We can verify this by calling the `pipeline` attribute of the _Language_ object `nlp`.

In [20]:
nlp.pipeline

[('tok2vec', <spacy.pipeline.tok2vec.Tok2Vec at 0x12d3a3b80>),
 ('tagger', <spacy.pipeline.tagger.Tagger at 0x13e063400>),
 ('parser', <spacy.pipeline.dep_parser.DependencyParser at 0x13afdce20>),
 ('ner', <spacy.pipeline.ner.EntityRecognizer at 0x13d2834c0>),
 ('attribute_ruler',
  <spacy.pipeline.attributeruler.AttributeRuler at 0x13e09ecc0>),
 ('lemmatizer', <spacy.lang.en.lemmatizer.EnglishLemmatizer at 0x13e0afa80>)]

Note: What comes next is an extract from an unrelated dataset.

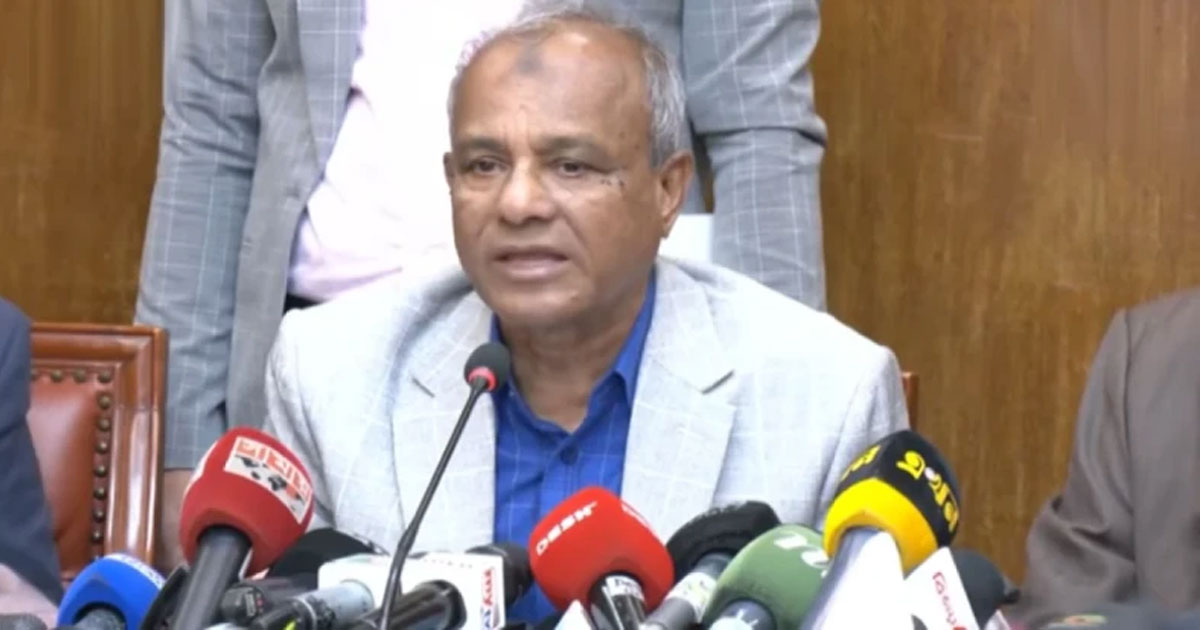 নির্বাচনের আগে খুন-অপরাধ বন্ধ করা সম্ভব নয়: স্বরাষ্ট্র উপদেষ্টা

Finally, let's add the `merge_entities` component to the pipeline under `nlp`.

In [21]:
# Add the 'merge_entities' function to the pipeline
nlp.add_pipe('merge_entities')

# Process the data again
docs = list(nlp.pipe(sents))

Let's examine the result by looping over the _Tokens_ in the third _Doc_ object.

In [22]:
# Loop over Tokens in the third Doc object in the list
for token in docs[2]:
    
    # Print out the Token and its part-of-speech tag
    print(token, token.pos_)

The DET
administration NOUN
built VERB
new ADJ
plutonium NOUN
pits NOUN
at ADP
the DET
Los Alamos PROPN
lab NOUN
in ADP
New Mexico PROPN
and CCONJ
expanded VERB
enriched ADJ
uranium NOUN
processing NOUN
at ADP
the DET
Y-12 PROPN
facility NOUN
in ADP
Oak Ridge PROPN
, PUNCT
Tennessee PROPN
. PUNCT


Named entities that consist of multiple *Tokens*, as exemplified by place names such as "Los Alamos" and "New Mexico", have been merged into single *Tokens*.

This section should have given you an idea of how the spaCy pipeline can be modified for efficient processing.

The [following section](evaluating_nlp.ipynb) introduces you to evaluating the performance of language models.